Whose eyes are staring at you from the cover of the June 9 edition of Fortune? Why, that’s none other than Ken Heebner of Capital Growth Management, according to the magazine’s cover, “arguably the best fund manager of our time.”Fortune | Longer profiles of firms and individuals have always been Fortune’s strength; this is a fine example of the type of in-depth work that the blogosphere has difficulty producing on its own, but (like me) loves referencing.
Special investors like Heebner often don’t fit easily into the traditional frameworks used to evaluate money managers. Perhaps the simple notes of someone judging CGM (read “Heebner”) would look like this:
It’s quite a challenge to judge such an idiosyncratic approach using tools that are comparative in nature and have the unwanted effect of generating a clustering of managers eager to win business by being a bit better without being too different. Unfortunately, the most money generally pours in to such a “mad genius” (as the cover calls him) after sustained periods of strong performance, especially when such is trumpeted in a leading magazine. After all, it’s easier to buy into an unusual style when you have the “proof” of past performance and the imprimatur of major publications.
Yet, that’s often the worst time to do so, although I have no idea whether that will be the case here. It seems to me that the best time to give money to outstanding long-term investors might be when they have suffered through their toughest period, as the article itself acknowledges when it recalls that Fortune deemed Heeber the “poster child for fallen fund stars” in 1999, shortly before he began the incredible run that the magazine now celebrates.
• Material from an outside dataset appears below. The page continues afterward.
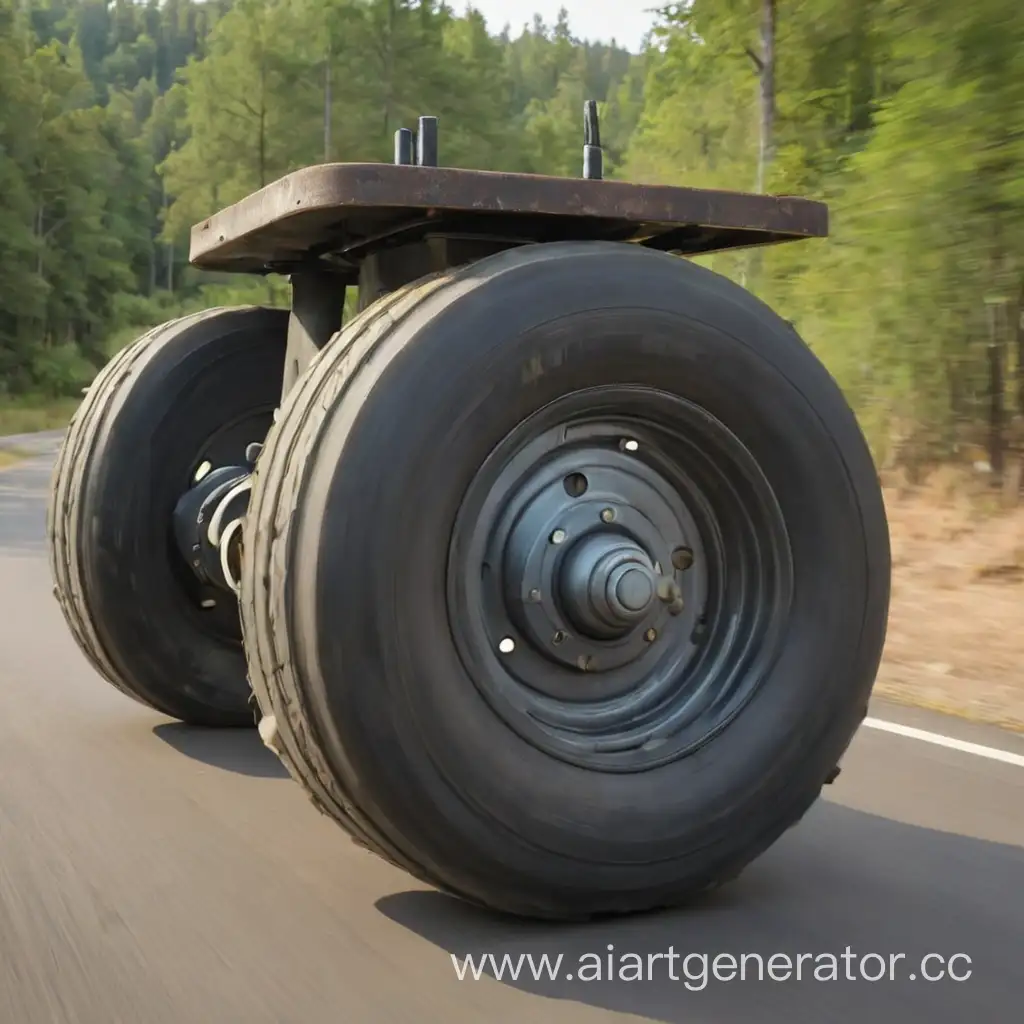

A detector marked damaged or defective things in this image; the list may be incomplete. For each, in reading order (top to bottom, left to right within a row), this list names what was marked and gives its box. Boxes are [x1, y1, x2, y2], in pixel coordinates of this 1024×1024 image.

rusty metal plate [190, 161, 831, 272]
Without regard to the likely behavioral responses to the performance record (and the article) by investors, there is much to ponder in the piece. Most investment organizations would do well to copy Heebner’s practices of stressing information over opinion; asking his analyst to ferret out missing facts (operating “like a sleuth”) rather than having her rehash and regurgitate the work of others, which is too often what portfolio managers have in-house analysts do; eschewing closet index strategies; casting a broad and unconventional net when looking for investable themes; using the Street not for its conclusions, but for its wealth of information; and being willing to admit he was wrong and to sell large positions quickly and completely. All of those things are worth doing, although it must be said that they all are harder to do in large shops where control is not vested in one person.
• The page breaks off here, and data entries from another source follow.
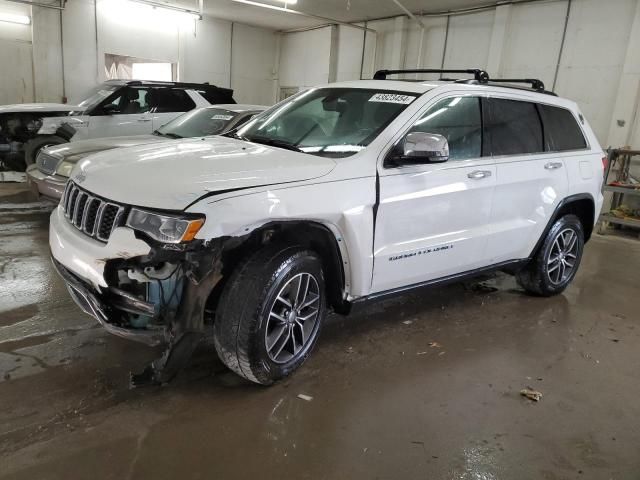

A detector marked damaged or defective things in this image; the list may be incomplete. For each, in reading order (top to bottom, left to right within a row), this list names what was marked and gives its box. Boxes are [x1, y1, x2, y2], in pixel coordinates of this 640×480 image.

damaged car in background [0, 80, 235, 172]
damaged car in background [27, 104, 264, 202]
damaged car in background [50, 70, 604, 386]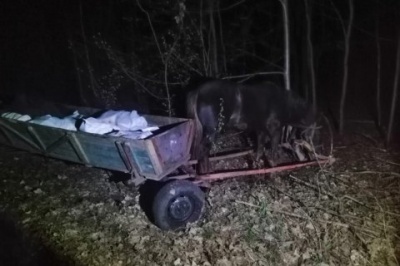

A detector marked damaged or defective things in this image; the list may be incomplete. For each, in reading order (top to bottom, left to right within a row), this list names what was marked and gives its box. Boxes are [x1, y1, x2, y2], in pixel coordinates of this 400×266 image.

old rusty cart [0, 105, 332, 230]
For those doing due diligence, it is not easy to understand that a mix of such practices exists, or that it is coupled with the kind of insight needed to stand apart from the crowd at the times when it really pays. It is unfortunate but true that a mad genius without a long track record of success comes off as wacky when viewed through the lens of conformity. It is our challenge to see the makings today of the magazine covers of tomorrow.